- [TRY IT] Your copy should begin at the line containing "L'arbois By Interhome" and end at the last line of the records; transcribe those lines exactly and leave out every picture.

Start of STORED DATA

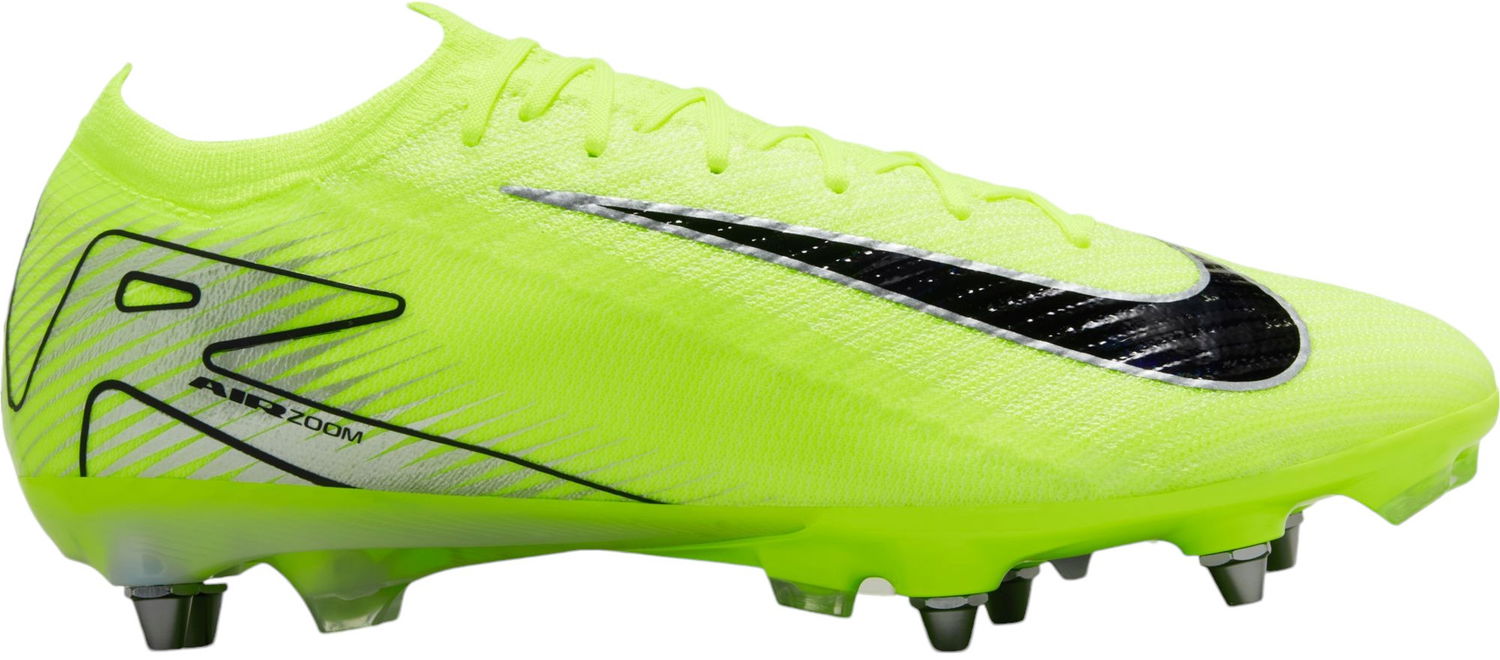 Tenisky a topánky Nike ZM Vapor 16 Elite SG-PRO Žltá | fq8688-700, 0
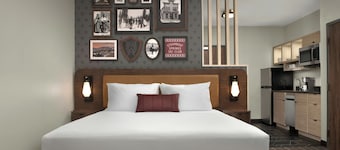 Towneplace Suites By Marriott Steamboat Springs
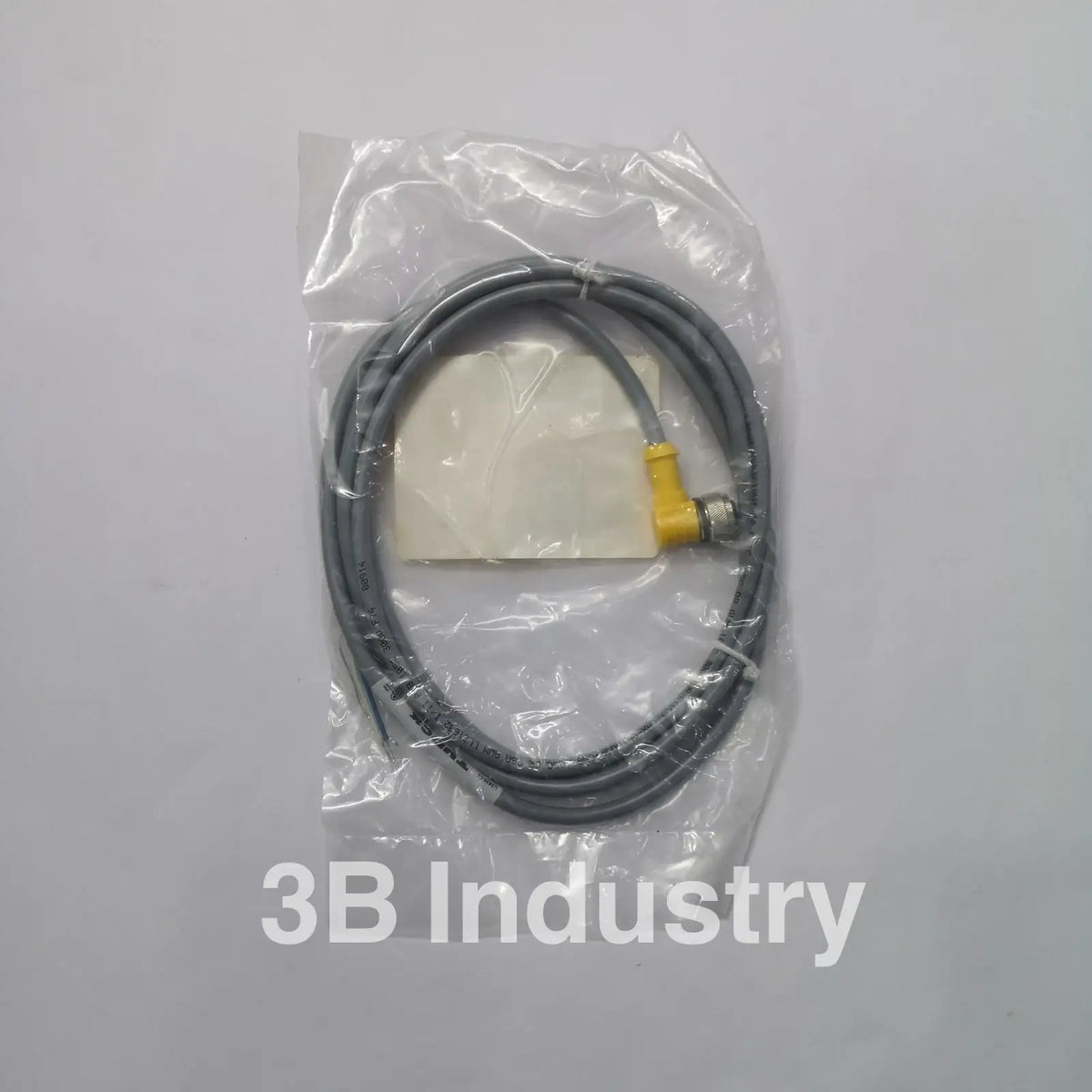 Turck U2436-66 WK 4.5T-2/S653 Cable New [Large Inventory]
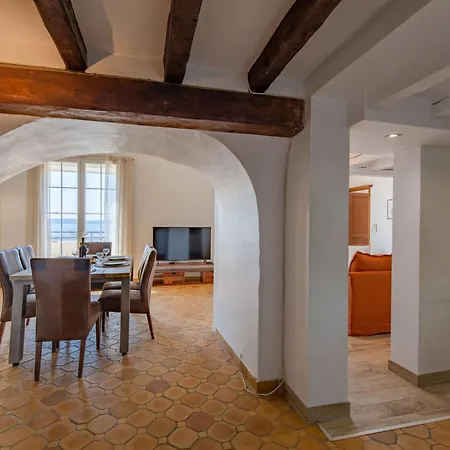 L'arbois By Interhome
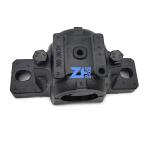 SNL507-606 + 22207 K + H 307 Pillow Ball Bearing Low Noise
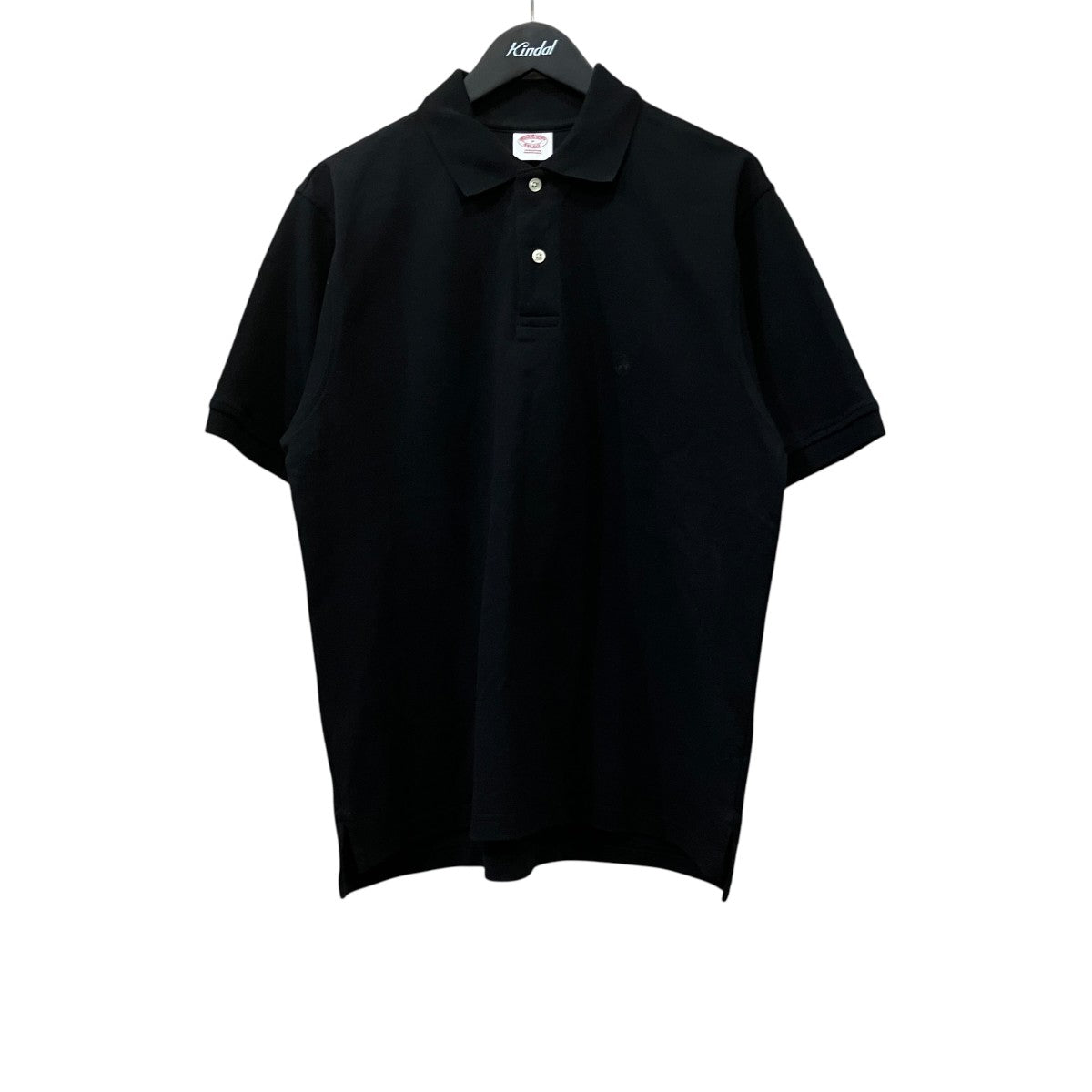 BROOKS BROTHERS ポロシャツ 古着・中古-1枚目のアイテム画像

End of STORED DATA

- [EXERCISE ANSWER]
 L'arbois By Interhome
 SNL507-606 + 22207 K + H 307 Pillow Ball Bearing Low Noise
 BROOKS BROTHERS ポロシャツ 古着・中古-1枚目のアイテム画像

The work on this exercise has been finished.